If Jackson does refuse to hire Thibodeau, James Dolan has a serious decision to make. With Jackson’s age, the Knicks’ owner is going to have to do some really hard thinking about who is better suited to be the face of this franchise off the court for the next decade — Thibodeau and whatever GM the Knicks hire to work with him (presumably Steve Mills), or Jackson and whatever triangle disciple he wants to hire.

If Jackson really is only in this for three more years, does it make sense to let him bring in someone like Brian Shaw or Luke Walton instead of one of the few difference-making coaches in the NBA? Would that be in the best long-term interests in the franchise? Walton or Shaw might be good coaches, but what are the chances either are as good as Thibodeau, a proven commodity? Slim to none. The Knicks already tried to go down this path with Fisher. Walton did great while subbing for Kerr with the Golden State Warriors, but that team has tremendous talent and employs Kerr’s system. Shaw, meanwhile, already failed in his first head coaching job, with the Denver Nuggets.

If it means getting a coach like Thibodeau, Jackson needs to finally give up on the triangle. It is the players that make the system, not the system that makes the players. In the long run, if the Knicks win with Thibodeau no one will give a damn if it was done with the triangle or not. Jackson will be remembered for reviving a franchise and hiring the right coach, nothing more. Jackson has an ego, but winning should be more satisfying than any philosophical combat he is trying to fight on behalf of an offensive system.

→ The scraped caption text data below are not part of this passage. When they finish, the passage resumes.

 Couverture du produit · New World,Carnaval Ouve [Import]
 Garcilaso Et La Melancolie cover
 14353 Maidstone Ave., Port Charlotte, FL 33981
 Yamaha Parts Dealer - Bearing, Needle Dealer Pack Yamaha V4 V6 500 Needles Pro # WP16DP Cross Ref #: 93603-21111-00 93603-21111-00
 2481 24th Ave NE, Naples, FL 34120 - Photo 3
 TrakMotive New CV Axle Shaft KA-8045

Thibodeau isn’t a perfect coach. He grinds on his players and can play them too many minutes. There’s a chance he could play KP and Melo so much their bodies fail them. He isn’t the most creative offensive coach. But he wins and gets the most out of his players. Who else can say that with any conviction that the Knicks can hire? No one.

Thibodeau can bring the Knicks back to their last great era: the one with Patrick Ewing. Heck, he could bring back Ewing as his top assistant. Hiring him makes too much sense to not happen. We’ll find out whether or not Jackson feels the same way in a few months.